(TASK DIRECTIONS) Return the following from the records below: each line, word for word, starting with the line that contains "Вентилятор Levoit з" and going on through the line that contains "Customized Industrial Powder", with nothing outside that range.

(PROVIDED INFORMATION)
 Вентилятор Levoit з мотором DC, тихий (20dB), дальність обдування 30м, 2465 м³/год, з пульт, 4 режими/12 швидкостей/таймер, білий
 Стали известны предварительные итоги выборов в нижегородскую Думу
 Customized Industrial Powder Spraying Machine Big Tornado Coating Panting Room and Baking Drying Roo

...

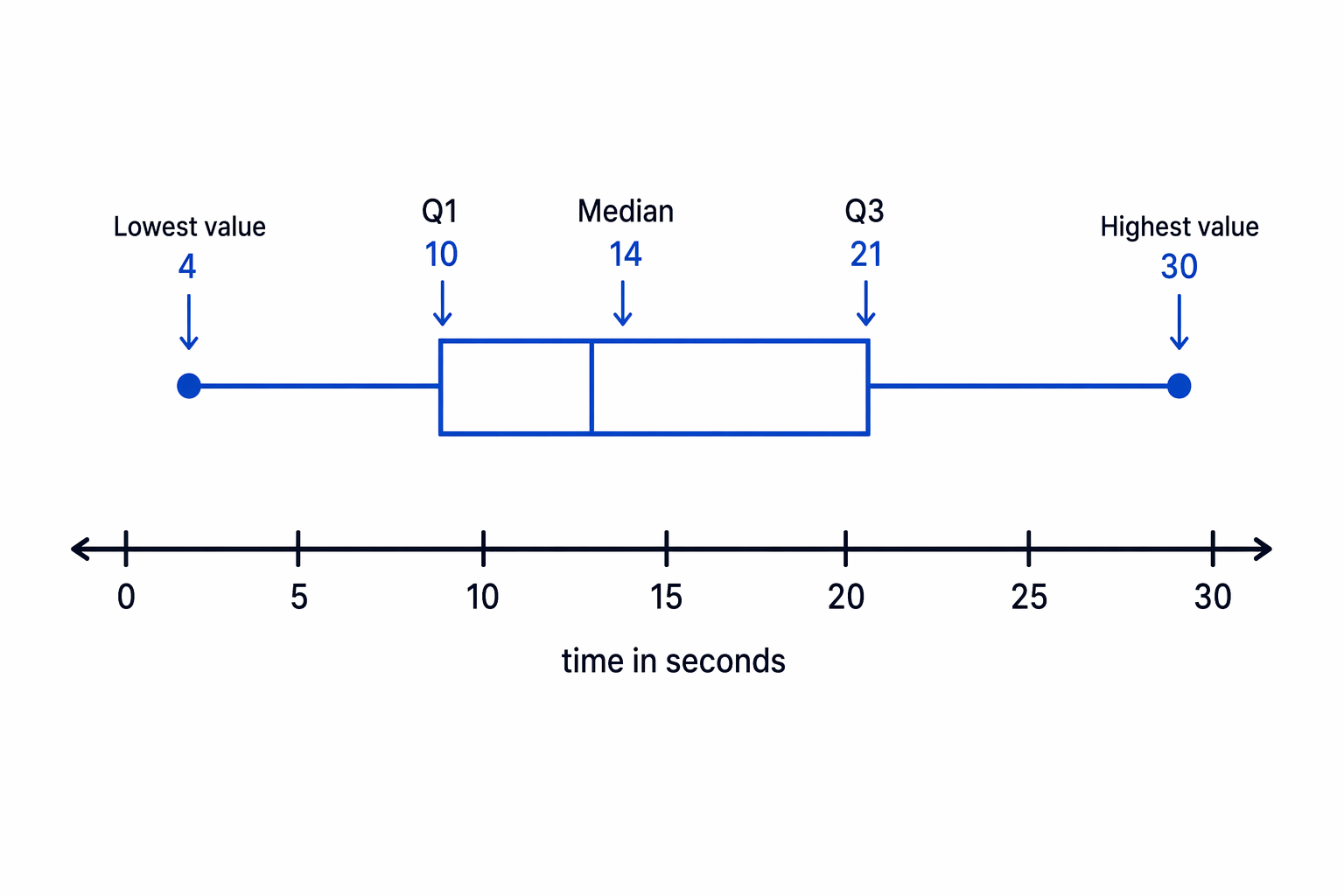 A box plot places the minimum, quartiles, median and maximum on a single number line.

==

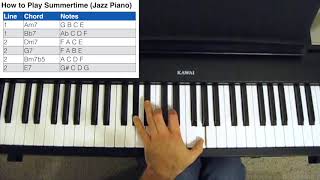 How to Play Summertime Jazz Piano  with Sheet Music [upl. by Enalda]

(TASK SOLUTION)
 Вентилятор Levoit з мотором DC, тихий (20dB), дальність обдування 30м, 2465 м³/год, з пульт, 4 режими/12 швидкостей/таймер, білий
 Стали известны предварительные итоги выборов в нижегородскую Думу
 Customized Industrial Powder Spraying Machine Big Tornado Coating Panting Room and Baking Drying Roo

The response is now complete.